I do not believe that you can expect a higher yield with hydro.  I don't quite understand what you are saying in the last paragraph--are you saying that you expect 5 harvests a year?


----------



## akhockey (Sep 9, 2011)

I know Ill catch hell here for saying this, but i dont change out my nute solution very often at all. I just keep topping the rez off with tap water and keeping an eye on ppm and pH. When the ppm drop I add a little more nutes. I think I changed my 40 gallon rez twice my last run of 3 weeks vegging clones and 9-10 weeks flowering. i noticed absolutely NO difference in growth/ yield/ anything than when I changed it out every 2 weeks. I run GH nutes just micro and bloom.


----------



## Lemon Jack (Sep 9, 2011)

I know that I have used alot more already than I did my last grow all together(in dirt)  and I'm still in the veg state. Running a drip system there planning to flower in DWC.


----------



## KaptainKush (Sep 10, 2011)

I have grown both ways and I prefer Hydro just because the roots can get bigger than they can i dirt IMO also i use 5 gallon buckets and they work wonders easy to move around for maintenance


----------



## pcduck (Sep 10, 2011)

For what I am saving by not having to buy it, I do not worry about the cost of using a bit more nutes. Just my $0.02 :bolt::bong:


----------



## The Hemp Goddess (Sep 10, 2011)

I'm kind of with pcduck on this.  Even if nutes run you a bit, it is still way cheaper than buying bud.
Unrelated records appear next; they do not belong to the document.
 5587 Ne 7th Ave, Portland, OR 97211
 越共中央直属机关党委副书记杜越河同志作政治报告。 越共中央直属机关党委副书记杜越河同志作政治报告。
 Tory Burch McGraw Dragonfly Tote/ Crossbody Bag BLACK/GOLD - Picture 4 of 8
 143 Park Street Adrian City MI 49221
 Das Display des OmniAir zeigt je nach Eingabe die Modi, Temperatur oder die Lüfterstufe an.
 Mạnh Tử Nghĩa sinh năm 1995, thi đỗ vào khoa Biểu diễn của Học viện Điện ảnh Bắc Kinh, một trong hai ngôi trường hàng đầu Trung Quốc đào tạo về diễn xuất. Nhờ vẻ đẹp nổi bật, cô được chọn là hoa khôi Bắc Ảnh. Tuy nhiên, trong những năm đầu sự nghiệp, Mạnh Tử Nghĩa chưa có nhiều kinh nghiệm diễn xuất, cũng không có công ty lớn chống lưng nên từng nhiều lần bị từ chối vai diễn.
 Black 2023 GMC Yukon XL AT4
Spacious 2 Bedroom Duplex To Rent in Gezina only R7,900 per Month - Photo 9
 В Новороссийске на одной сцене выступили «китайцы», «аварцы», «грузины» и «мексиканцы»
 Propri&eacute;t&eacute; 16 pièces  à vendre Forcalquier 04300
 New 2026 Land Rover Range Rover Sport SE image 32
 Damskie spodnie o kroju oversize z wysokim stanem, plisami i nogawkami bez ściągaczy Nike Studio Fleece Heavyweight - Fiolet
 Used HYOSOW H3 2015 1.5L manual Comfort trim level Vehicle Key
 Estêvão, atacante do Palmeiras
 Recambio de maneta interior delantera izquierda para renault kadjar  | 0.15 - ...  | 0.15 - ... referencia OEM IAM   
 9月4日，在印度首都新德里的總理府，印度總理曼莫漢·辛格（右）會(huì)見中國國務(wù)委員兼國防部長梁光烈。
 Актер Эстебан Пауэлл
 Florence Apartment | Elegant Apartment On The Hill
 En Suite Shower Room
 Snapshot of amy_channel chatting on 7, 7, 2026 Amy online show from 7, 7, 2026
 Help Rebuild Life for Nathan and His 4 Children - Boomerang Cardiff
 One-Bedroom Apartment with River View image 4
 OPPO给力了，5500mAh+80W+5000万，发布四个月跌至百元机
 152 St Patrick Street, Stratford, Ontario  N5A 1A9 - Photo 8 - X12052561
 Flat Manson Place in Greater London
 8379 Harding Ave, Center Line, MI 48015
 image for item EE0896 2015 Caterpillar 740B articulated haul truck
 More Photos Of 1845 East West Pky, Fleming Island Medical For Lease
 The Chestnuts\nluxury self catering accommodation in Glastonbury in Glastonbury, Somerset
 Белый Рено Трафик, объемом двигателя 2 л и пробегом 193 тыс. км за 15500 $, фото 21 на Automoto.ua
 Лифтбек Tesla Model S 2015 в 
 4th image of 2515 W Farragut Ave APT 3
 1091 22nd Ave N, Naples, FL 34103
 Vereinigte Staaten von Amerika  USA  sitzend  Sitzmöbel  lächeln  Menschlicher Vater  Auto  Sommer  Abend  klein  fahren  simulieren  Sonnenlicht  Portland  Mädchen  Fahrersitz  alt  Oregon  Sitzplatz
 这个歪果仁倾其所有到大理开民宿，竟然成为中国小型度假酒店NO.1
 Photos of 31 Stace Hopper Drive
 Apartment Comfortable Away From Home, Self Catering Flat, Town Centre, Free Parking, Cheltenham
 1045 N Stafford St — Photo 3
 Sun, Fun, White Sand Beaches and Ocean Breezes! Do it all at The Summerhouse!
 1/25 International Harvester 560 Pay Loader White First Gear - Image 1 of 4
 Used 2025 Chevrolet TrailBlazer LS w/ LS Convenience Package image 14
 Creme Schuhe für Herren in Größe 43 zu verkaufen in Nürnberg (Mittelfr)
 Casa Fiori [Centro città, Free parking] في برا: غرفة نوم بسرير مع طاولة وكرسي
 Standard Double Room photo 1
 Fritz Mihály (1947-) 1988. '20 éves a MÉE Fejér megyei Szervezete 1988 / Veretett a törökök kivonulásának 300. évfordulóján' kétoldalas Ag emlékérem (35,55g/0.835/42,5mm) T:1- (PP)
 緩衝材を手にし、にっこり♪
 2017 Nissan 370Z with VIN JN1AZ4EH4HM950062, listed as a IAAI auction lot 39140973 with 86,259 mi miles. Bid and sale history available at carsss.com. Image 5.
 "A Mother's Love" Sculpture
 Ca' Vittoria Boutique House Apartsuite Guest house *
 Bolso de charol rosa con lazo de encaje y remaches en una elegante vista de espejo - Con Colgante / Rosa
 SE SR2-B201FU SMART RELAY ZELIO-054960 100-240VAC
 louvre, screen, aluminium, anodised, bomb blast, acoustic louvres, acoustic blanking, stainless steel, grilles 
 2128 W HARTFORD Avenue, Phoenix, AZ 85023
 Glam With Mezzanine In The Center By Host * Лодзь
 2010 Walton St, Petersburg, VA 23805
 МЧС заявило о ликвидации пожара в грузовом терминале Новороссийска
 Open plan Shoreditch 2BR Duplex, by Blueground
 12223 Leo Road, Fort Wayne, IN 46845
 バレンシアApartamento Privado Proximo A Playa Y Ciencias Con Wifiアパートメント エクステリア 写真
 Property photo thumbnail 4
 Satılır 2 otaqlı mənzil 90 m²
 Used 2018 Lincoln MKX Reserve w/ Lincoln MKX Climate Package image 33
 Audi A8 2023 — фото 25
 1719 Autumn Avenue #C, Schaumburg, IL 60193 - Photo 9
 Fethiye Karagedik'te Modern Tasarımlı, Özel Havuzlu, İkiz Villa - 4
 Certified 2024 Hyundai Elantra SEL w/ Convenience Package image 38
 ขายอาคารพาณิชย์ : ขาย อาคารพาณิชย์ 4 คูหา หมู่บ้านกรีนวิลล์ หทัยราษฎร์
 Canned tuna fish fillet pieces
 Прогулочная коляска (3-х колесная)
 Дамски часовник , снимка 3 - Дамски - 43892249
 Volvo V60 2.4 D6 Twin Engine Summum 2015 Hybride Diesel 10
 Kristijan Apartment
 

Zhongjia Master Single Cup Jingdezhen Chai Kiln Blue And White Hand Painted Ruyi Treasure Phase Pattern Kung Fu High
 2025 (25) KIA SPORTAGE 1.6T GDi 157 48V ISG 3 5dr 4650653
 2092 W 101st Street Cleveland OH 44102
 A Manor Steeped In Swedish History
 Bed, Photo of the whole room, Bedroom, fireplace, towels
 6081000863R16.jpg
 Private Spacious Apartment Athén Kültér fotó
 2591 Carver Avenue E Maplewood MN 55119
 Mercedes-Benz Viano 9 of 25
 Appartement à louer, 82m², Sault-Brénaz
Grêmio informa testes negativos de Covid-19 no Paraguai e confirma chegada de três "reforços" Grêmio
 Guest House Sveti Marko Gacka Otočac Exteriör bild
However, I just purchased GH Flora 3 part in gallon containers for $82 shipped--can't complain about that--it will last me for awhile.


----------



## Lemon Jack (Sep 10, 2011)

Wow thats an awesome deal THG where did you find that?


----------



## The Hemp Goddess (Sep 10, 2011)

E-Bay--one of my favorite places to shop.

hXXp://www.ebay.com/itm/380324488355?ssPageName=STRK:MEWAX:IT&_trksid=p3984.m1438.l2649


----------